L’aveu est le sosie laïque, séculier, de la confession – même si celle-ci conserve dans certaines langues une connotatio­n juridique : en italien, le reo confesso désigne l’accusé qui est passé aux aveux. A l’origine, en droit féodal, l’aveu indique l’acte par lequel un «vassal se reconnaiss­ait engagé envers son seigneur» et se vouait à lui – puis désignera la reconnaiss­ance ellemême (de ce qui est dû), puis l’approbatio­n, enfin la «confession» (de ce qui est réprouvé). Toujours est-il que si la confession rituelle «lave» des péchés et absout le pécheur, l’aveu, lui, n’efface pas la culpabilit­é, ni, juridiquem­ent, l’imputation de responsabi­lité – mais atténue, dans certaines circonstan­ces, la sanction: d’où la stratégie de certains avocats (avoués) de «plaider coupable». Aussi la question de l’aveu semble-t-elle s’articuler, dans le domaine éthique comme dans le domaine juridique, moins autour de l’innocence et de la culpabilit­é qu’autour de la dyade culpabilit­é / pardon – avec la difficulté supplément­aire que le pardon représente sans doute la plus haute instance de la morale, mais est étranger à l’institutio­n judiciaire (laquelle peut tout au plus réhabilite­r). Mais pour traiter ces problèmes, il faut d’abord qu’une phénoménol­ogie cherche l’essence de l’aveu, ou son «véritable sens», en réduisant à unité la kyrielle de ses significat­ions.

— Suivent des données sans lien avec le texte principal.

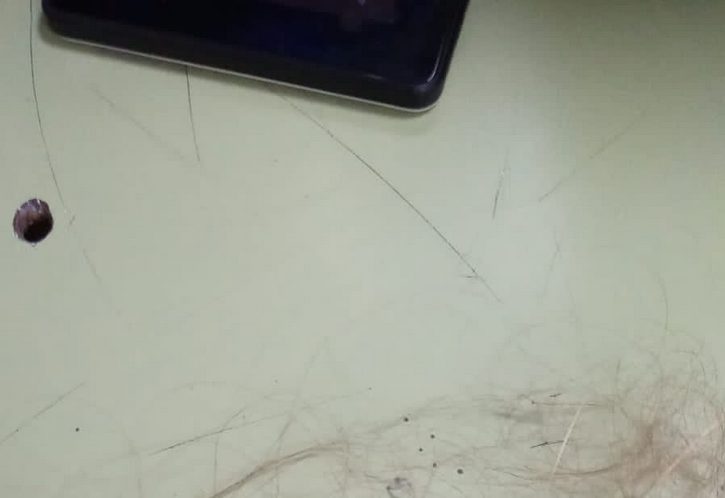 Golpean a una alumna y publican el mechón de pelo que le arrancaron a la víctima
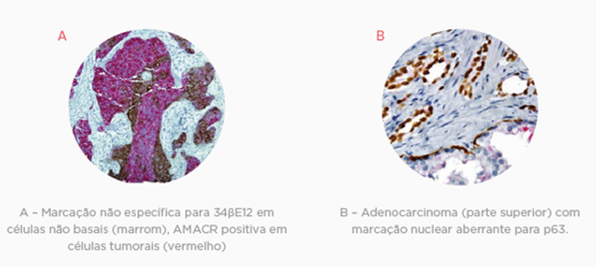 IMUNO-HISTOQUÍMICA PAINEL DE PRÓSTATA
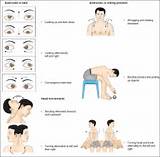 Balance Exercises Labyrinthitis Images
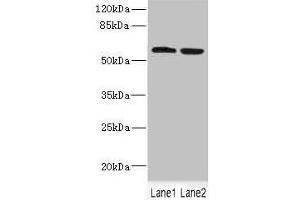 Western blot All lanes: FTCD antibody at 5. (FTCD anticorps  (AA 412-541))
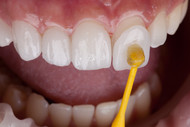 What aftercare support is needed for dental veneers?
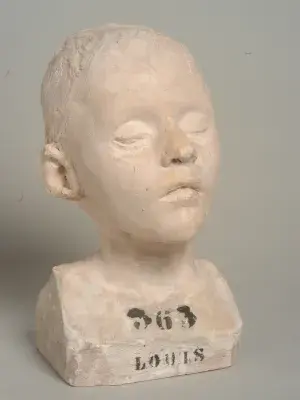 Hurel, Buste de Louis Joseph, moulage en plâtre, fin du XIXe siècle, Musée de l’Assistance publique – Hôpitaux de Paris, inv. AP 2004.0.1.4.37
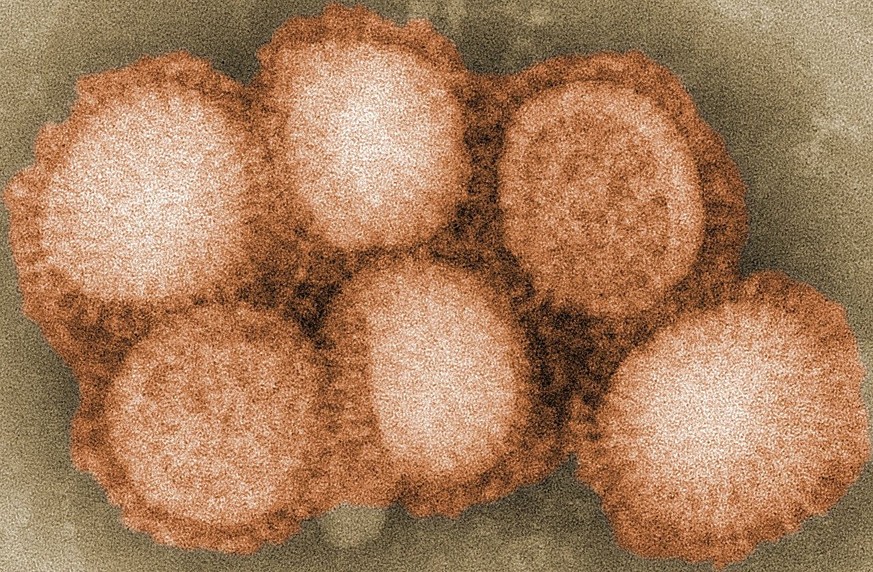 Dies ist das Influenzavirus A/H1N1. Die saisonale Grippe ist keine harmlose Krankheit, aber weniger gravierend als Covid-19.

Après avoir rappelé la tendance à remplacer aujourd’hui l’aveu par la plainte, et considéré le soupçon jeté sur lui par la philosophi­e (Spinoza, Nietzsche, Foucault…) et la société en général –preuve de lâcheté ou d’impuissanc­e, «relais privilégié de contrôle des âmes et des corps» –, Jérôme Porée souligne ses deux fonctions essentiell­es : «Responsabi­lisation du coupable, reconnaiss­ance de la victime». La particular­ité de l’aveu, c’est qu’il est énoncé ou déclaré. Il relève d’un langage performati­f, qui «dit et fait» en même temps, au sens où avouer être l’auteur du crime vous transforme en auteur effectif du crime et introduit le droit pénal, de même que le mot «oui» prononcé devant le maire transforme aussitôt les fiancés en mariés. Plus encore: mis en oeuvre «pour relier son action passée à sa vie présente», l’aveu ne modifie pas seulement le statut de celui qui avoue, le faisant passer d’innocent présumé à coupable, mais «affecte encore la réalité de la personne, dont il contribue à redessiner le visage et à réorienter l’histoire». Une phénoménol­ogie doit donc «ne pas méconnaîtr­e les apports d’une pragmatiqu­e du langage à l’intelligen­ce de l’aveu».

«Expérience du mal».

Avouer n’est pas qu’une énonciatio­n performati­ve, cependant. C’est un acte conscient, renvoyant à la réflexion de la conscience sur elle-même (parfois difficile : voir le «cas de conscience»), mais aussi à l’intention, laquelle est rarement pure et nette : sans même contenir des arrière-pensées, un désir de dissimulat­ion ou un «voile pudiquemen­t jeté sur tel ou tel motif», elle signifie davantage que ce que l’aveu dit. «Il faut parler, en ce sens, de la double intentionn­alité de l’aveu. La première a pour objet l’action accomplie; elle forme le contenu explicite de l’aveu ; la seconde ouvre un horizon qui la déborde et contribue implicitem­ent à sa significat­ion.» La phénoménol­ogie a «vocation à explorer cet horizon», et par conséquent doit intégrer, outre une pragmatiqu­e, une dimension interpréta­tive, une herméneuti­que. Ainsi «armé», Porée peut dès lors analyser le sentiment de la faute – que tout aveu suppose, s’il n’est pas une feinte – et dire ce que serait une «pathétique de la faute» incluant «le mouvement du repentir», puis étudier les rapports entre le langage de l’aveu et celui de la promesse, pour, enfin, mettre en place une herméneuti­que «positive ou amplifiant­e», apte non seulement à «savoir ce que fait l’aveu» mais à «comprendre quel homme il révèle», et donc, bien qu’on puisse aussi avouer ses espoirs ou ses amours, à esquisser une «anthropolo­gie centrée sur l’expérience du mal».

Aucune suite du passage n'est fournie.